▶ **WHAT YOU NEED TO DO**
Please restate exactly the lines from the one holding "SUBARU IMPREZA 2006" to the end of the material, including both ends and excluding every picture.

● ● ● ●

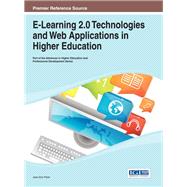 E-learning 2.0 Technologies and Web Applications in Higher Education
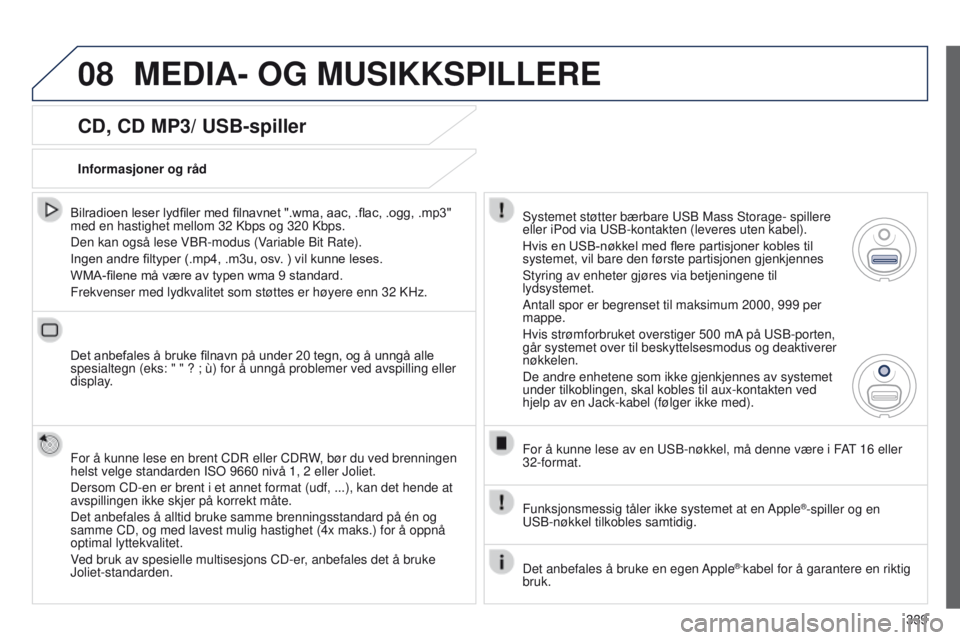 PEUGEOT 3008 2014 Instruksjoner for bruk (in Norwegian) 08
339
3008_no_Chap12c_Rt6-2-8_ed01-2014
CD, CD MP3/ USB-spiller
Bilradioen leser lydfiler med filnavnet ".wma, aac, .flac, .ogg, .mp3" med en hastighet mellom 32
Kbps og 320 Kbps.
Den kan PEUGEOT 3008 2014 Instruksjoner for bruk (in Norwegian) 08
339
3008_no_Chap12c_Rt6-2-8_ed01-2014
CD, CD MP3/ USB-spiller
Bilradioen leser lydfiler med filnavnet ".wma, aac, .flac, .ogg, .mp3" med en hastighet mellom 32
Kbps og 320 Kbps.
Den kan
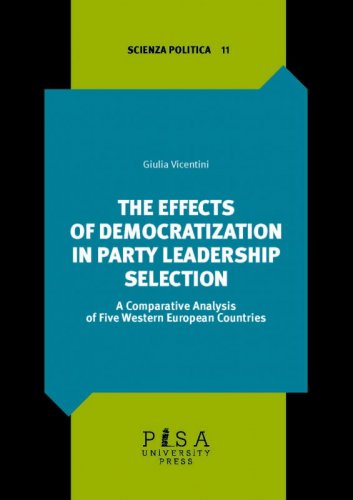 The effects of democratization in party leadership selection - a comparative analysis of five western european countries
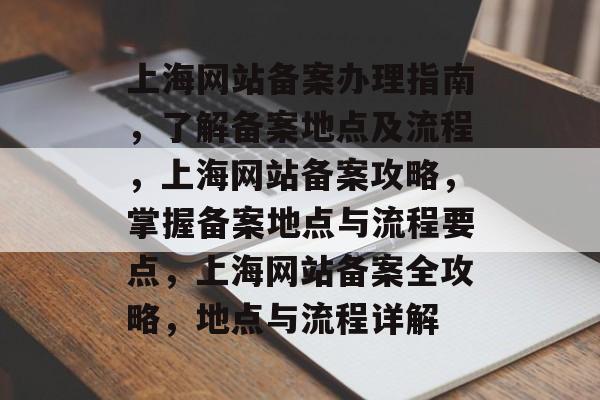 上海网站备案办理指南，了解备案地点及流程，上海网站备案攻略，掌握备案地点与流程要点，上海网站备案全攻略，地点与流程详解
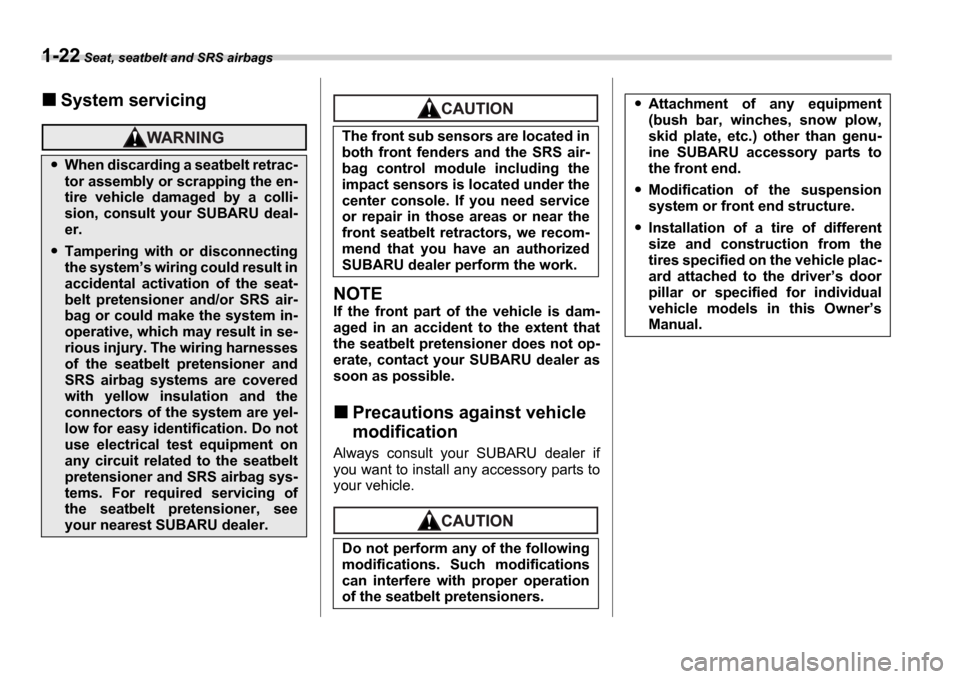 SUBARU IMPREZA 2006 2.G Service Manual 1-22 Seat, seatbelt and SRS airbags
System servicing
NOTE
If  the  front  part  of  the  vehicle  is  dam- 
aged  in  an  accident  to  the  extent  that
the seatbelt pretensioner does not op-
erate,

● ● ● ●

▶ **YOUR SOLUTION**
 SUBARU IMPREZA 2006 2.G Service Manual 1-22 Seat, seatbelt and SRS airbags
System servicing
NOTE
If  the  front  part  of  the  vehicle  is  dam- 
aged  in  an  accident  to  the  extent  that
the seatbelt pretensioner does not op-
erate,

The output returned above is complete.